Es inevitable que el niño quiera meter las narices en todo lo que sucede
a su alrededor, sobre todo cuando percibe que se habla de algo que los mayores
intentan hurtar a su atención, a su curiosidad, a su interés, especialmente
cuando entre ellos hablan con sobrentendidos, con elipsis, con metáforas,
impregnando de incógnitas cada frase, narrando con más efectividad que algunos
autores de relatos policiacos, provocando un cosquilleo irresistible, metiendo
los dedos en la boca, motivando la consiguiente e imparable catarata de
preguntas con las que uno intenta resolver el misterio y, por encima de todo,
sentirse en la misma onda, cómplice de los adultos, alguien que es tenido en
cuenta.
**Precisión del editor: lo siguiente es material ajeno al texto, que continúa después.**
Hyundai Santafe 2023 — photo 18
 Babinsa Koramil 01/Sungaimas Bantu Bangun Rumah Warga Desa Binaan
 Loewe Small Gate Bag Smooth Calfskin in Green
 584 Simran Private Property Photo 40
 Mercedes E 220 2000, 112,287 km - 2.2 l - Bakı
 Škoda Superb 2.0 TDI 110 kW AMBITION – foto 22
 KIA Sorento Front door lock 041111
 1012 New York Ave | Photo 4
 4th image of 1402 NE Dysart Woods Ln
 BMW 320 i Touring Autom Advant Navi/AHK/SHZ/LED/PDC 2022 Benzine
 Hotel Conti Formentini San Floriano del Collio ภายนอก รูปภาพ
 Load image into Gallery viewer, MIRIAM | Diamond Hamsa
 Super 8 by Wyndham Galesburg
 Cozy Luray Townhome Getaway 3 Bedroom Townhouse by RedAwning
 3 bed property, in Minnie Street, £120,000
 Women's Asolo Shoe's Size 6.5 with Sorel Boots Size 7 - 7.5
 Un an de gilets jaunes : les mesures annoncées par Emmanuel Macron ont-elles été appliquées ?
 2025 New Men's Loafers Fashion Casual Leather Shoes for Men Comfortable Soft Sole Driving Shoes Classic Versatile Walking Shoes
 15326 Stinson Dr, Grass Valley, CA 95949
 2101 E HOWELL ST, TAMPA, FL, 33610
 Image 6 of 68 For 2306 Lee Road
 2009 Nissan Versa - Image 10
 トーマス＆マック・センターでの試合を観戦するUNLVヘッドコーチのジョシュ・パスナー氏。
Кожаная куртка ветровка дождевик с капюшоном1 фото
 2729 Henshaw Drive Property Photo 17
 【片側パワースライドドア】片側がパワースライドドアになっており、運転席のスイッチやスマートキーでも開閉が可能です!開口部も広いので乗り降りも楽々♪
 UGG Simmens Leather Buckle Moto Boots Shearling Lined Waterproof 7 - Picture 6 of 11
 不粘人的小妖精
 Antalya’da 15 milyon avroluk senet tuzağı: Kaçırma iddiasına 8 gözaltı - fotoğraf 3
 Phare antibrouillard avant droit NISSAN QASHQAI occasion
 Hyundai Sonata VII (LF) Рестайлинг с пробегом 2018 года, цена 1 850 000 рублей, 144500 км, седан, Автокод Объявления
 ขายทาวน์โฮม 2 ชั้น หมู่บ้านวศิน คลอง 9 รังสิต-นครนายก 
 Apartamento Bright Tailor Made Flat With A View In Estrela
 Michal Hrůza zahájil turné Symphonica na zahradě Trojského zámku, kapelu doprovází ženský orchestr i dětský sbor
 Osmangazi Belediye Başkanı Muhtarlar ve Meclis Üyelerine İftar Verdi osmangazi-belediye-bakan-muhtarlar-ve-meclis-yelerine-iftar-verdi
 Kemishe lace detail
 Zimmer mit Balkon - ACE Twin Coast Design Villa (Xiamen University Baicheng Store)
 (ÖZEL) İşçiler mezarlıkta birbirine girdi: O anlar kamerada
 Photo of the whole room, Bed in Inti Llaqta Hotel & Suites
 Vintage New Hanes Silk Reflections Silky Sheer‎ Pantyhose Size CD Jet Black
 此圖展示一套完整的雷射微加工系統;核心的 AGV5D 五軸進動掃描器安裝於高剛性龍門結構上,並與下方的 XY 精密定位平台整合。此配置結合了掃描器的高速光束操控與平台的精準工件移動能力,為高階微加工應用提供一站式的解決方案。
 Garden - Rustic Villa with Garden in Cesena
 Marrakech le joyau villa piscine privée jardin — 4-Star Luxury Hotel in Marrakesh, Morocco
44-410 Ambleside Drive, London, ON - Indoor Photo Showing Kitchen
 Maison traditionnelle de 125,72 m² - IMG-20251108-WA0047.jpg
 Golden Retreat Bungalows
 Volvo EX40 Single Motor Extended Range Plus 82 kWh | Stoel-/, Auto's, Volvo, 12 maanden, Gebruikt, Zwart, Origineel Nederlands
El admirado y recientemente fallecido Joan Barril publicó a finales de
los años noventa del pasado siglo un divertido, emotivo y revelador volumen
titulado Condición de padre en el que
trataba con mucha comprensión (y conocimiento de causa) al progenitor (ese que,
por muchas veces que reincida, por mucha familia numerosa de la que pueda
presumir, siempre es un debutante, lo aprendido sirve para poco porque con cada
retoño hay que volver a empezar y porque, como siempre se ha dicho, “cada uno
somos de nuestro padre y de nuestra madre” incluso aunque tengamos los mismos),
pero en el que también sugería/recomendaba/advertía que nunca se
olvidase lo vivido cuando uno fue niño y pensaba que sus padres no le
comprendían (y viceversa), que se intentase mirar desde los ojos de la criatura
pero poniéndose a su altura puesto que en ese descender hasta el rostro de la
misma estaba el mejor camino hacia el entendimiento y la conciliación entre
generaciones que, se mire cómo y por dónde se mire, están condenadas a convivir
en el extrañamiento, en un desequilibrio que no tiene por qué vivirse como una
batalla, una lucha que bien jugada tiene mucho de enriquecedora (al fin y al
cabo, con los condicionantes de cada quien, con la familia que a cada uno toque
en suerte, con las experiencias propias, con las lógicas diferencias, yendo a
lo más básico siempre podemos concluir lo que cantaba Mari Trini en Pero ellos no son cuando concluía: “Siempre
existió la distancia, / es algo generacional. / ¿Para qué hacer reproches / si
nosotros fuimos igual?”).
“Llega un momento en que te das cuenta de que, igual que haces tú con
ellos, tus padres te mienten, y eso es terrible porque te das cuenta de que no
son seres especiales ni superhéroes, resulta que son humanos y, por lo tanto,
tienen defectos. Cuando llegas a esa conclusión, da igual a qué edad, es como
si dejases de ser niño de golpe”, reflexiona José Antonio Palomares y sobre esa
base ha construido la muy divertida aunque a ratos
inquietante y perturbadora novela (por lo que remueve, por lo que explora, por las
zonas íntimas que transita) Toda la
verdad sobre las mentiras que ha publicado recientemente Plaza y Janés. El
modo en que el volumen se presenta ante nuestros ojos es muy revelador y deja
muy claras algunas intenciones y anticipa su contenido: “Los relatos que
autoedité en Amazon y que han sido el punto de partida de la novela, tenían una
portada similar hecha por un amigo diseñador que se inspiró en los cuadernillos
Rubio de nuestra niñez; aquellas eran narraciones más melancólicas, un tanto
tristes, se adaptó un poco el concepto pero estoy muy satisfecho porque creo
que se ha pillado el tono en apenas tres dibujos, los que hay debajo de la
sobrecubierta, y no creo que nadie pueda sentirse engañado por lo que va a leer”.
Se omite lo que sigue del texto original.